Carl is right as Michel tears him a new one in his review and pushes Carl to not want to follow orders anymore or as Riva put it “just play your hits.” There is something within that phrase that Riva repeats to Carl many times that rings true with Favreau’s career. After hits like Iron Man and Elf, Favreau began to dive into other more studio driven work like his sequel to Iron Man and Cowboys and Aliens, which set him away from studio directing for awhile.
Since Cowboys and Aliens, Favreau went on to direct a few episodes of television before returning to Chef, which seems deeply personal to him. That affection for this bled through and made what was a rather cliche plot feel fresh and fun to be in. We’ve seen the father and son trying to re-connect before, the lost all hope hero looking to regain form or re-invent himself, and the reconciliation of a family broken, but what works so well for Favreau and this cast is the charisma that he and players like John Leguizamo who have a charm to them and make the story feel fresher than it really is.

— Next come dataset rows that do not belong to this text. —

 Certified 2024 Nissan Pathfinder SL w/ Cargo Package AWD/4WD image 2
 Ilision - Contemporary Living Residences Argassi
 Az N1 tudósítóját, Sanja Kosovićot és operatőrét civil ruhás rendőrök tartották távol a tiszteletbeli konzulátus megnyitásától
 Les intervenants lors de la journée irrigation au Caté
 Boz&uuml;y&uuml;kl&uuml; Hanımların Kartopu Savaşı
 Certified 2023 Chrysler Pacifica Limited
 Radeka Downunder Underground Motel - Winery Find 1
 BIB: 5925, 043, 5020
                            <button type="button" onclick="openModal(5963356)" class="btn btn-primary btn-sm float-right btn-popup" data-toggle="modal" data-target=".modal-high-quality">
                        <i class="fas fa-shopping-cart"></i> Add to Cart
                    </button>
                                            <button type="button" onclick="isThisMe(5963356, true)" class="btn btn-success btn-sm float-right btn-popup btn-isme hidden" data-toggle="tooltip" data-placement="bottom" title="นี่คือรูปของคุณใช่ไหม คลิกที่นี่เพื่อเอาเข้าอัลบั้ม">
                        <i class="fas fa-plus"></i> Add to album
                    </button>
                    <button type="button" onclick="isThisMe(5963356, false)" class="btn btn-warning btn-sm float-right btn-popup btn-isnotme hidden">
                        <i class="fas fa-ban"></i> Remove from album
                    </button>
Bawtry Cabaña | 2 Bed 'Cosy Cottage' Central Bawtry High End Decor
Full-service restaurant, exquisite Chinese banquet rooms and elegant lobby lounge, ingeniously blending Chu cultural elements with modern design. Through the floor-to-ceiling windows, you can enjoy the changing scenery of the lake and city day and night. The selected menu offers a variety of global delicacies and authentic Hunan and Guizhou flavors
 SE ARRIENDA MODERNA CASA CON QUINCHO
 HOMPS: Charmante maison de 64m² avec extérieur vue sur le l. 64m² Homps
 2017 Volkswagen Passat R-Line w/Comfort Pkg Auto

Favreau is clearly an artist reaching out to the audience and playing a personal piece and I connected with that. It may be cliche and it may be overdone but in this instance and with these people involved, it felt new and it was worth watching. I feel that it is the best thing to recommend from the film because outside of Favreau’s personality, there isn’t anything really deep to touch.
Chef is a personal letter from Jon Favreau to cinema and its audience and it is lovely. The performances are great, the music is charming, and the film hardly lets you down. It may come up as cheesy and cliche at times but it has a good heart and is a sweethearted movie that deserves a shot.